It is now proposed to extend the benefit of the deduction thereunder to contributions to such other schemes of Central and State governments as may be notified by Central Government.
21.  Additional deduction of interest on housing loan of upto Rs.1 lac to first time home buyers
Section 80EE is proposed to be enacted so as to allow to an individual, a deduction of upto Rs. 1 lac in respect of loan taken from a financial institution (banking company or housing finance company) of upto Rs.25 lacs between 1st April 2013 and 31st March 2014 to acquire a residential property valued upto Rs. 40 lacs, provided she does not own any residential house property as on the date of sanction of loan.
It is also proposed that if the deduction entire of Rs. 1 lac as above could not be claimed in Financial Year 2013-14, then the balance can be claimed in Financial Year 2014-15.

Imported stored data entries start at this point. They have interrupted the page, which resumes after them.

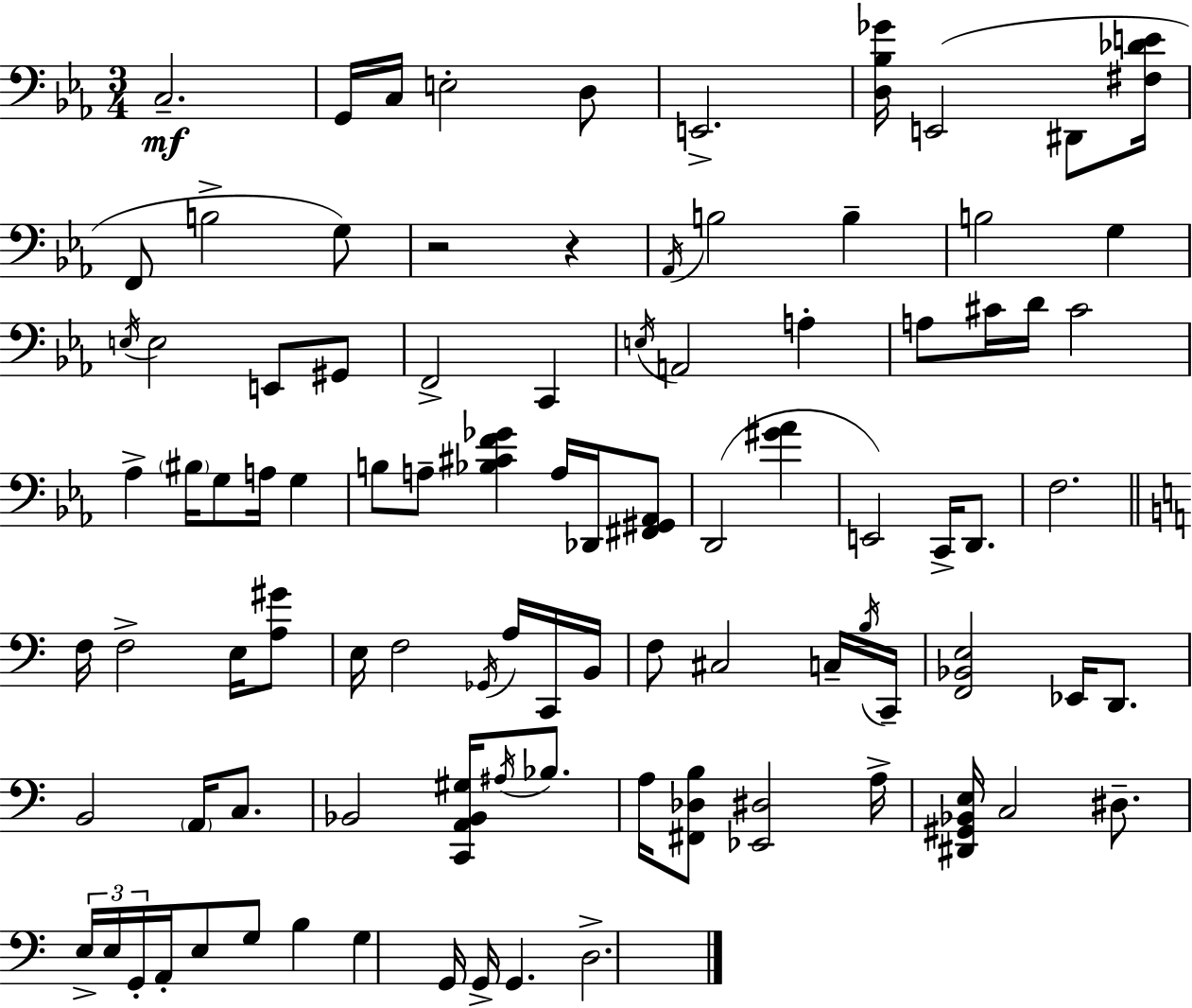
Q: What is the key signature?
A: C minor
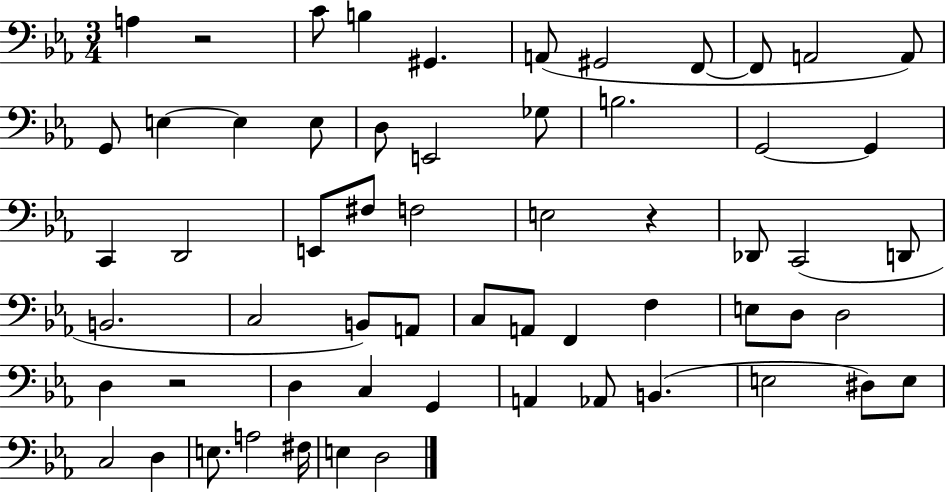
A3/q R/h C4/e B3/q G#2/q. A2/e G#2/h F2/e F2/e A2/h A2/e G2/e E3/q E3/q E3/e D3/e E2/h Gb3/e B3/h. G2/h G2/q C2/q D2/h E2/e F#3/e F3/h E3/h R/q Db2/e C2/h D2/e B2/h. C3/h B2/e A2/e C3/e A2/e F2/q F3/q E3/e D3/e D3/h D3/q R/h D3/q C3/q G2/q A2/q Ab2/e B2/q. E3/h D#3/e E3/e C3/h D3/q E3/e. A3/h F#3/s E3/q D3/h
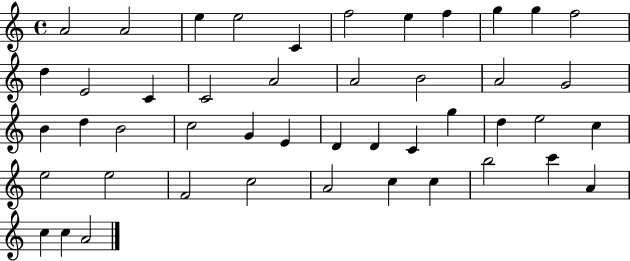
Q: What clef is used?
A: treble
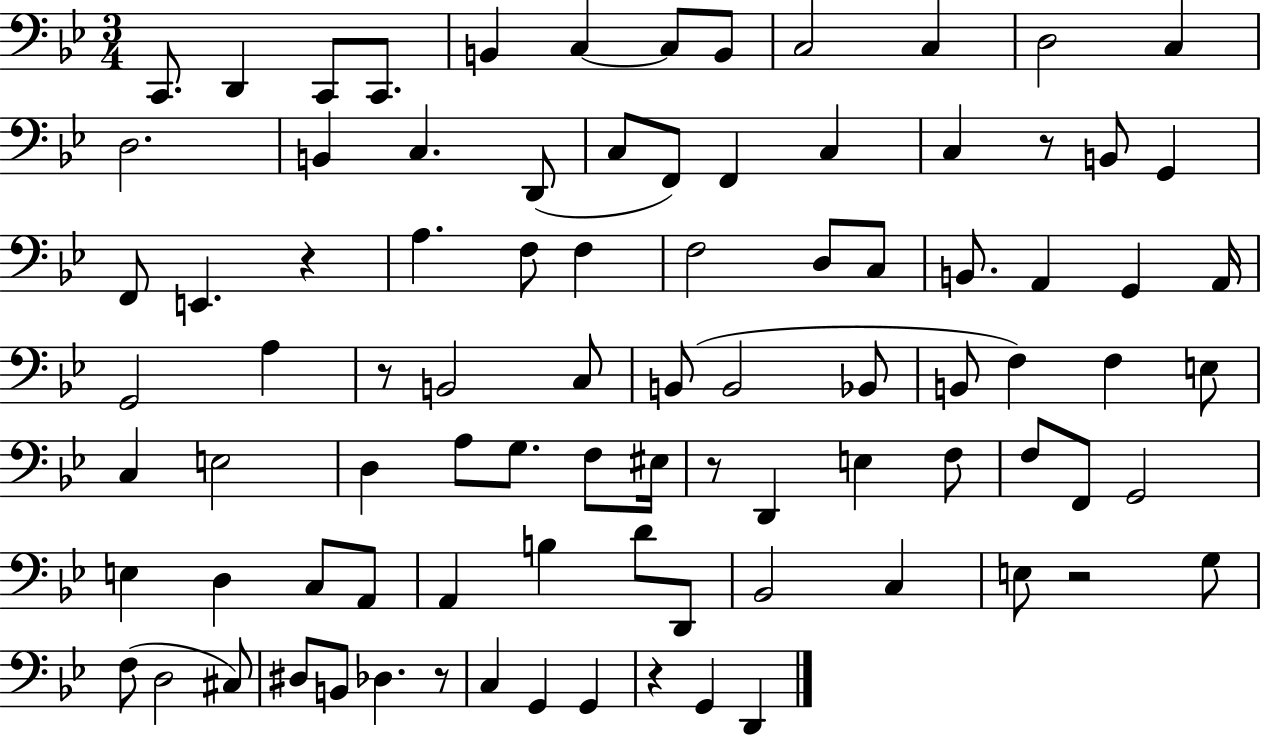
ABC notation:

X:1
T:Untitled
M:3/4
L:1/4
K:Bb
C,,/2 D,, C,,/2 C,,/2 B,, C, C,/2 B,,/2 C,2 C, D,2 C, D,2 B,, C, D,,/2 C,/2 F,,/2 F,, C, C, z/2 B,,/2 G,, F,,/2 E,, z A, F,/2 F, F,2 D,/2 C,/2 B,,/2 A,, G,, A,,/4 G,,2 A, z/2 B,,2 C,/2 B,,/2 B,,2 _B,,/2 B,,/2 F, F, E,/2 C, E,2 D, A,/2 G,/2 F,/2 ^E,/4 z/2 D,, E, F,/2 F,/2 F,,/2 G,,2 E, D, C,/2 A,,/2 A,, B, D/2 D,,/2 _B,,2 C, E,/2 z2 G,/2 F,/2 D,2 ^C,/2 ^D,/2 B,,/2 _D, z/2 C, G,, G,, z G,, D,,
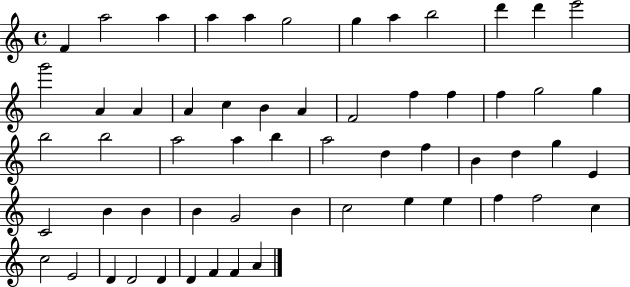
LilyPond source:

{
  \clef treble
  \time 4/4
  \defaultTimeSignature
  \key c \major
  f'4 a''2 a''4 | a''4 a''4 g''2 | g''4 a''4 b''2 | d'''4 d'''4 e'''2 | \break g'''2 a'4 a'4 | a'4 c''4 b'4 a'4 | f'2 f''4 f''4 | f''4 g''2 g''4 | \break b''2 b''2 | a''2 a''4 b''4 | a''2 d''4 f''4 | b'4 d''4 g''4 e'4 | \break c'2 b'4 b'4 | b'4 g'2 b'4 | c''2 e''4 e''4 | f''4 f''2 c''4 | \break c''2 e'2 | d'4 d'2 d'4 | d'4 f'4 f'4 a'4 | \bar "|."
}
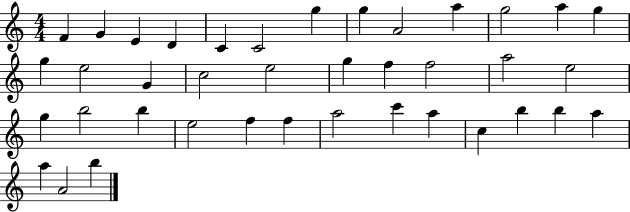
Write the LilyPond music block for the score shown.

{
  \clef treble
  \numericTimeSignature
  \time 4/4
  \key c \major
  f'4 g'4 e'4 d'4 | c'4 c'2 g''4 | g''4 a'2 a''4 | g''2 a''4 g''4 | \break g''4 e''2 g'4 | c''2 e''2 | g''4 f''4 f''2 | a''2 e''2 | \break g''4 b''2 b''4 | e''2 f''4 f''4 | a''2 c'''4 a''4 | c''4 b''4 b''4 a''4 | \break a''4 a'2 b''4 | \bar "|."
}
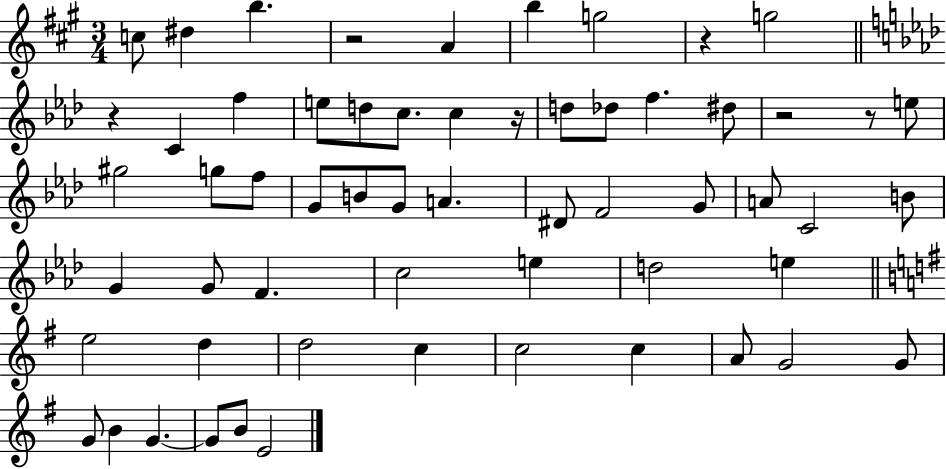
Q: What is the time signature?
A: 3/4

It may be noted that the above deduction is over and above the existing entitlement of housing loan interest deduction of Rs.1.5 lacs. However, while the existing deduction of upto Rs.1.5 lacs can be of interest on housing loan taken from anyone, the aforesaid deduction can be allowed only on housing loan taken from financial institution.
22.    Section 80G, which allows deduction in respect of donations, @ 100% in respect of certain funds and @ 50% for rest, subject to other conditions therein; is proposed to be amended so as to allow 100% deduction in respect of donations to the National Children’s Fund (which was hitherto entitled for 50% deduction).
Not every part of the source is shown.